Choosing an STL Sequence Container

Saturday, June 9th, 2012

The C++ Standard Template Library has a fairly good selection of container classes, and in particular “sequence” containers. For some reason (I’ve always assumed it’s familiarity), most people seem to use std::vector as their container-of-choice, but experience shows that it’s actually the best choice less often that one would think.

So how do you pick the right sequence container? Often, it’s not an easy or obvious choice. Each container has different trade-offs : there’s the obvious difference of some provide features that others don’t – but there are also the more subtle differences in memory allocation characteristics, performance guarantees, and some perhaps less easily quantifiable characteristics (such as cache locality).
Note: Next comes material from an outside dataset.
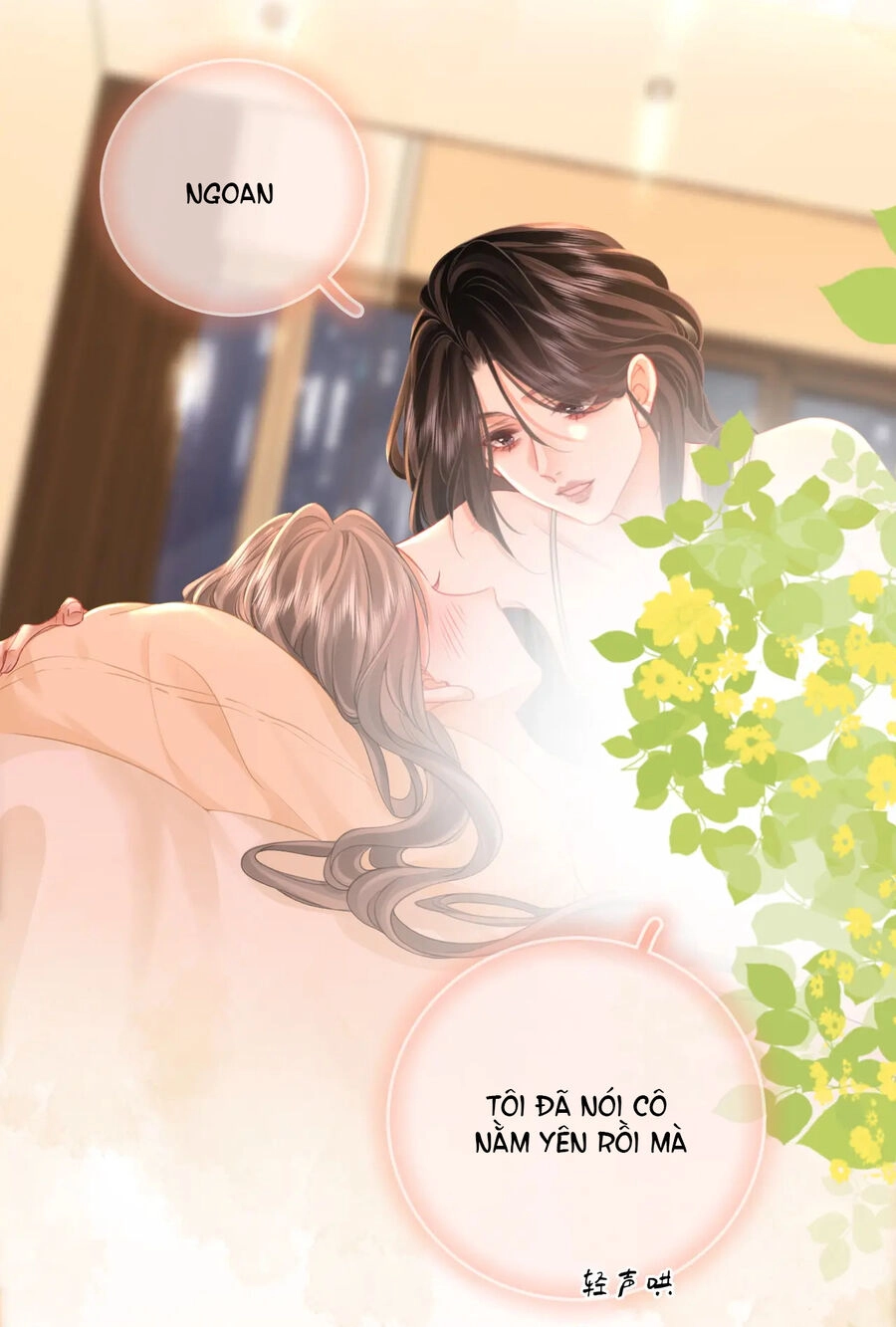 Em Chỉ Có Thể Là Của Tôi Chapter 60 - 34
This is based on something I wrote a little while ago when corresponding with my friend & colleague Luca Bolognese on his recent series of articles on functional programming in C++ (which is well worth a read).
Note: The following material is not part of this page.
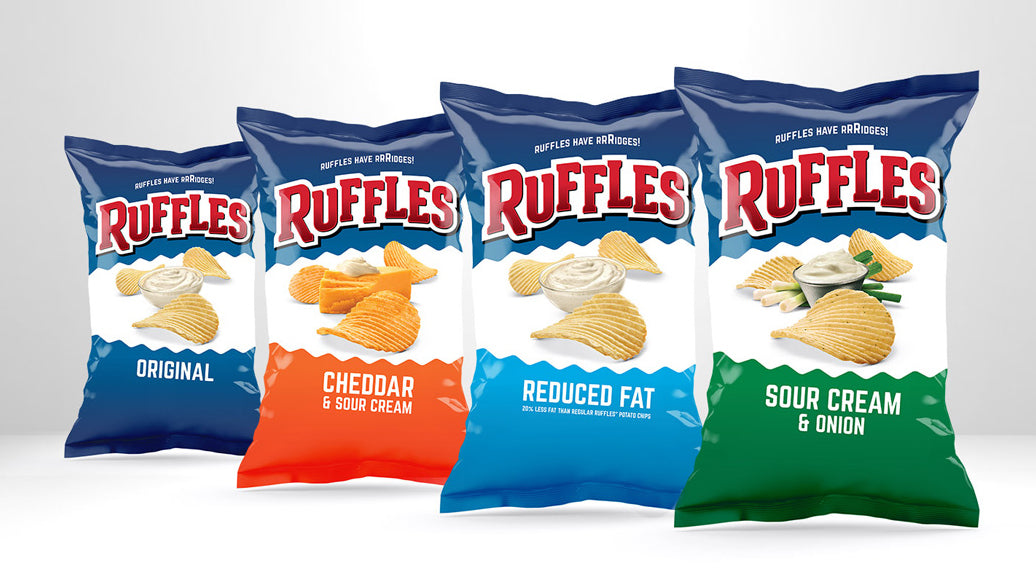 RUFFLES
Just as there’s no “one size fits all” container (and, by inference, no “one size fits all default” container), there’s no one size fits all mechanism for choosing a container (although profiling can help a lot) – but this is roughly how I choose a container (before I can profile, naturally!).

A decision tree for selecting a sequence container:

  • I’m in a rush and can’t be bothered to read the rest: use std::deque
  • I know at compile time exactly how many elements will be needed (and will they all fit on our stack!) – If so, use std::array.
  • I need constant-time random access (it’s worth noting that we often *think* we do, but actually don’t – YAGNI applies). If you DO need it, then we can eliminate std::list/std::forward_list as candidates.
  • I need bidirectional iteration (again, we need this less often that we thing). If so, eliminate std::forward_list from consideration
  • Will elements often be added/removed “in the middle” (i.e. not at the ends)? std::forward_list or std::list are probably the best choices. (Unless you eliminated them earlier due to constant time random-access requirements); these two are particularly useful when the contained elementes are expensive to move/copy, since they don’t need to shuffle things around when you add or remove elements. Of course, it may be possible to reduce the cost of move/copy by having a container of (preferably smart) pointers, rather than directly containing the objects.
  • Do we need the contents as a contiguous array? use std::vector (and call reserve with a reasonable guesstimate beforehand if we can) – sometimes, anyway; I’ve seen cases where it’s faster to build my collection as a std::deque, then transform to std::vector later on.)
  • Use std::deque.

Or, to put it another way, “default to std::deque unless there’s a good reason not to”.  That’s an overly-strong statement, but it’s a reasonable starting point. In a typical application, deque will give you better memory allocation characteristics than any of the others (aside from std::array, but that’s extremely limited in its application). vector can beat it IF you have a good estimate for how big the collection is going to get (but otherwise can tail off dramatically). deque will typically give you better cache locality than list/forward_list, and it’s insert/remove at the ends characteristics are better than any of the containers except the two list types.

Naturally, every case will be different – and no set of ‘rules of thumb’ is going to work every time (this is one of the things which distinguish rules of thumb from laws of physics). Commonly, we don’t know ahead of time which of those criteria is going to have the most significant impact on what we’re doing; when I find myself in that situation, I’ll use std::deque; once I have a firmer idea of the criteria, I’ll go back and revisit that choice (which – quite often – is as simple as changing a typedef). And of course – as with all ‘optimisations’ – measure, measure and measure again!